Draco menghabiskan sepanjang sisa sore dengan merayakan kemenangannya di ruang rekreasi asrama Slytherin bersama dengan semua rekan satu timnya. Jadi tentu saja dia tidak tahu drama apa yang terjadi di Asrama Gryffindor. Keesokan harinya ketika dia melangkah ke Aula Utama dan menemukan Lavender Brown tengan bergelayut di samping Weasley dan berciuman dengannya sementara Hermione tidak dapat ditemukan dimana-mana, barulah Draco sadar bahwa sesuatu yang sangat-sangat salah telah terjadi.
Dirinya bertukar pandang dengan Harry—yang tengah duduk di sebelah pasangan itu dengan raut wajah yang canggung—lalu cepat-cepat mengambil beberapa roti isi dan berbalik untuk berjalan keluar dari sana. Untunglah Harry mengerti maksudnya dan langsung mengikuti Draco beberapa detik setelahnya.
“Apa-apaan yang kulihat barusan itu?!” desis Draco begitu Harry berada di depannya. “Kok bisa-bisanya Weasley berciuman dengan Brown?! Bukannya dia dan Hermione sudah lumayan dekat?”
“Ya… gimana ya,” jawab Harry, lalu mengedikkan bahu. “Aku juga tidak tahu? Hermione dan Ron bertengkar kemarin malam. Sebenarnya bisa dibilang karena aku sih. Kamu tahu sendiri kan bagaimana Ron tidak percaya diri sebelum pertandingan berlangsung, jadi sebelum sarapan aku pura-pura memberi Felix Felicis pada sarapannya—aku cuma pura-pura, jangan khawatir!” tambah Harry buru-buru ketika Draco mengangkat alisnya.
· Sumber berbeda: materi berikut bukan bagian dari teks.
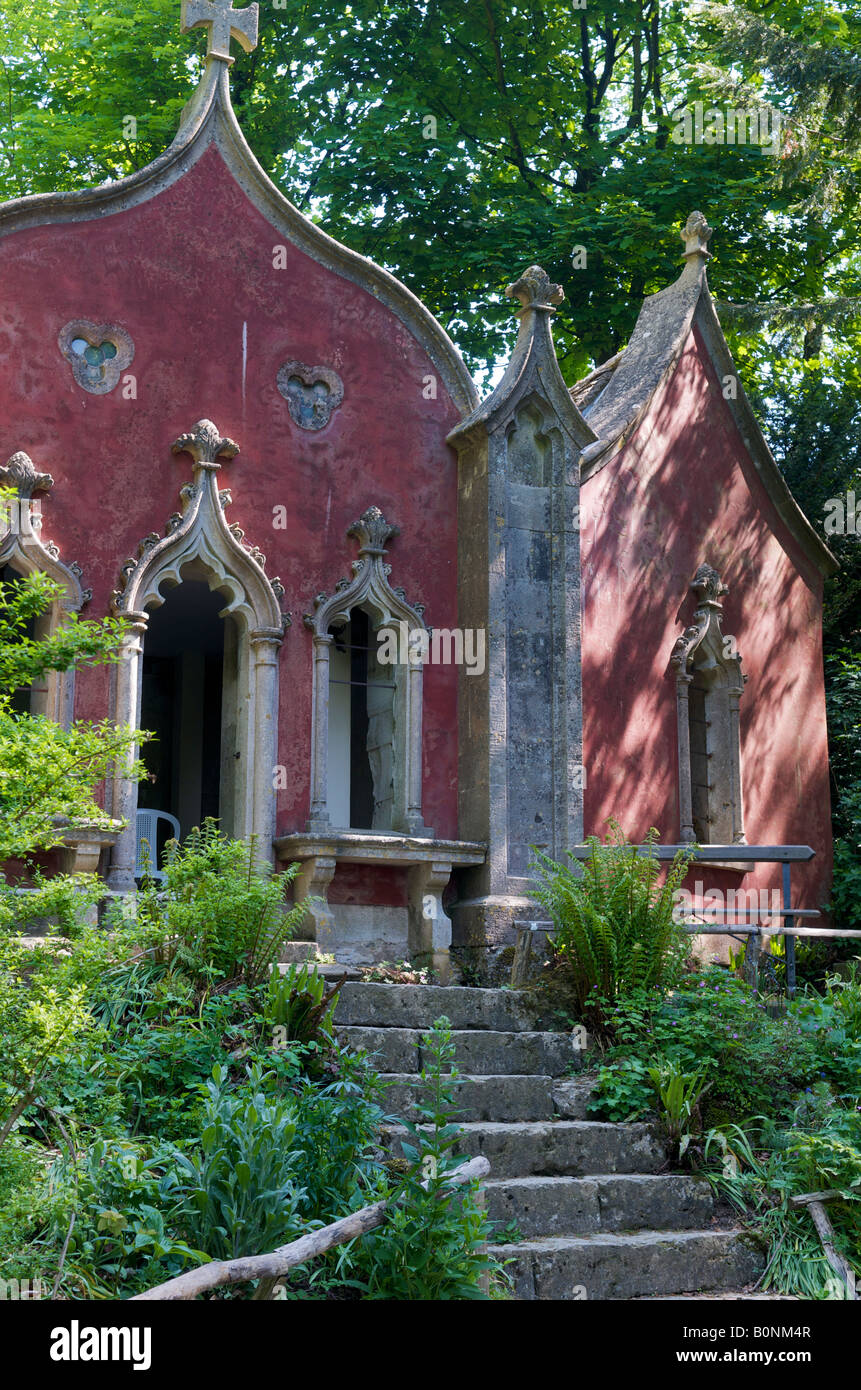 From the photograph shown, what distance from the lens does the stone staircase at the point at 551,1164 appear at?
21.5 ft

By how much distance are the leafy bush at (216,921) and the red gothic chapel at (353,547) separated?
183cm

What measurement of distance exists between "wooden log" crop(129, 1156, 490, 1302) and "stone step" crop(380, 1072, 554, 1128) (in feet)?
5.27

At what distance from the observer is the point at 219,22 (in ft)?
37.2

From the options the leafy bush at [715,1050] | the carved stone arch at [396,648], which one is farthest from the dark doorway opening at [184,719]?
the leafy bush at [715,1050]

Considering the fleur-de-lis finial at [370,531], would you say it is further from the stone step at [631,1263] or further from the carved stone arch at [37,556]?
the stone step at [631,1263]

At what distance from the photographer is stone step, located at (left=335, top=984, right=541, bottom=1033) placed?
8219mm

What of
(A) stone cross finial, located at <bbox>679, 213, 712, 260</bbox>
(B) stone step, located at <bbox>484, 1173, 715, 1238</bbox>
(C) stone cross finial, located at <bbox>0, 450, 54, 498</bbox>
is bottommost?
(B) stone step, located at <bbox>484, 1173, 715, 1238</bbox>

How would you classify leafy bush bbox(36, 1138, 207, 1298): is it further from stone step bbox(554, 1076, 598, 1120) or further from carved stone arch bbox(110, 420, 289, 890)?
carved stone arch bbox(110, 420, 289, 890)

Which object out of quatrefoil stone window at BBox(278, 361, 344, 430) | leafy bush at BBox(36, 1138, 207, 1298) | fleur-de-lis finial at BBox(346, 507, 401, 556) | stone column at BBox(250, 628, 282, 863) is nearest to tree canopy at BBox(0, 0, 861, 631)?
quatrefoil stone window at BBox(278, 361, 344, 430)

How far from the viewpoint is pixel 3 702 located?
6.30m

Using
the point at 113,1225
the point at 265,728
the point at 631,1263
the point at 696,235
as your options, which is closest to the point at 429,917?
the point at 265,728

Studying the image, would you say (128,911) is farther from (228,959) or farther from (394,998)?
(394,998)

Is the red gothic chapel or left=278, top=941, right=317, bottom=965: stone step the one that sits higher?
the red gothic chapel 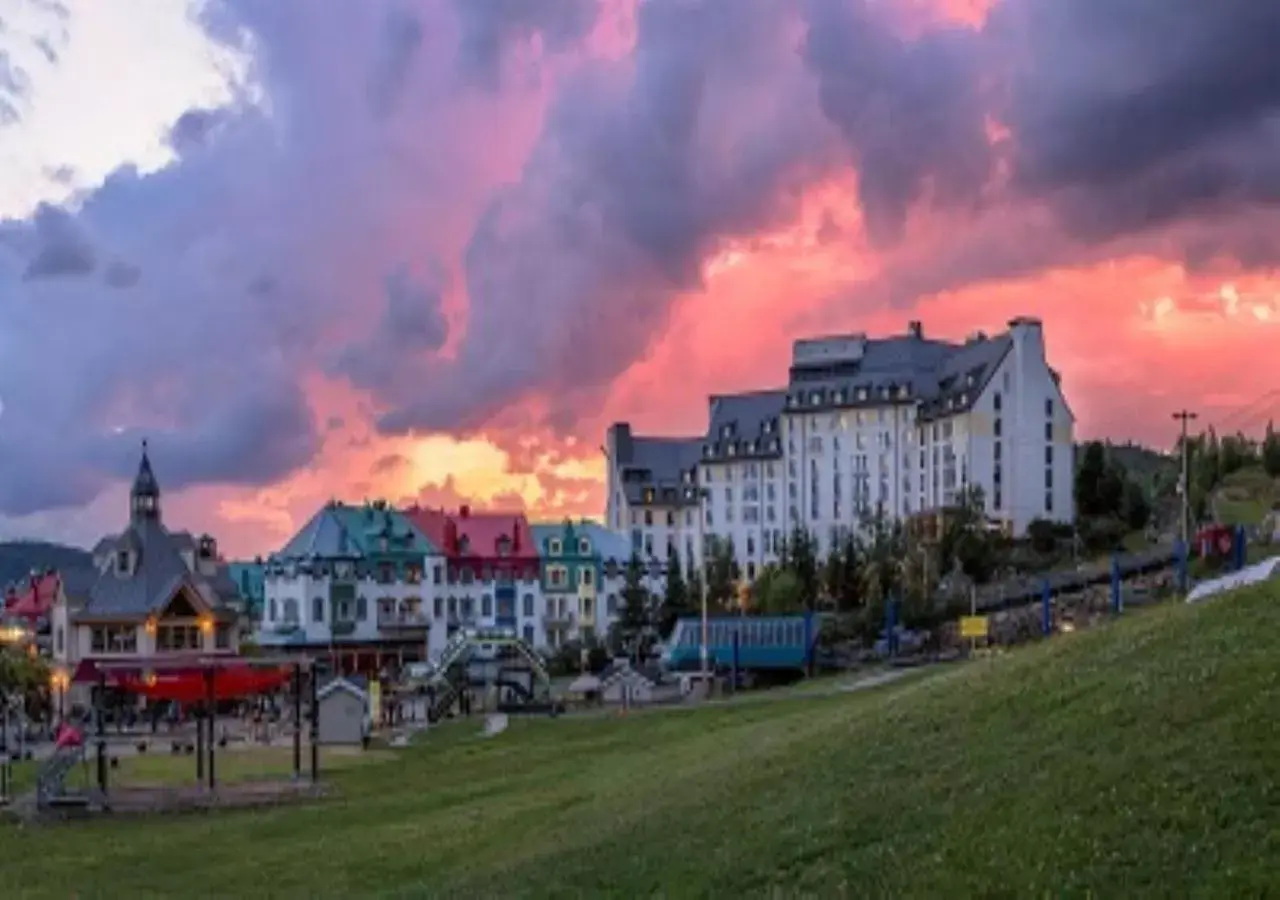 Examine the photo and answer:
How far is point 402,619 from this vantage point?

“Masalahnya adalah, Hermione sempat melihatku berpura-pura dan saat selesai pertandingan, dia mengancam akan mengadukanku ke Prof McGonagall, jadi aku bilang padanya kalau aku cuma pura-pura memberikannya pada Ron, dan walaupun aku—uh—gagal menangkap Snitch-nya—” Harry mengalihkan pandangannya ke arah lain saat mengatakan itu, tampak sedikit canggung, “Performa Ron yang luar biasa adalah karena kemampuannya sendiri dan sama sekali bukan karena ramuan apapun. Tapi malah itu makin memperkeruh suasana karena Ron tersinggung pada Hermione yang berpikir bahwa dirinya tidak bisa tampil prima karena kemampuannya sendiri.”
Draco menutup matanya dan membenturkan belakang kepalanya ke dinding batu.
“Dia tuh benar-benar bodoh,” Draco mengerang. “Lihat saja, suatu hari nanti aku pasti akan menghabisinya.”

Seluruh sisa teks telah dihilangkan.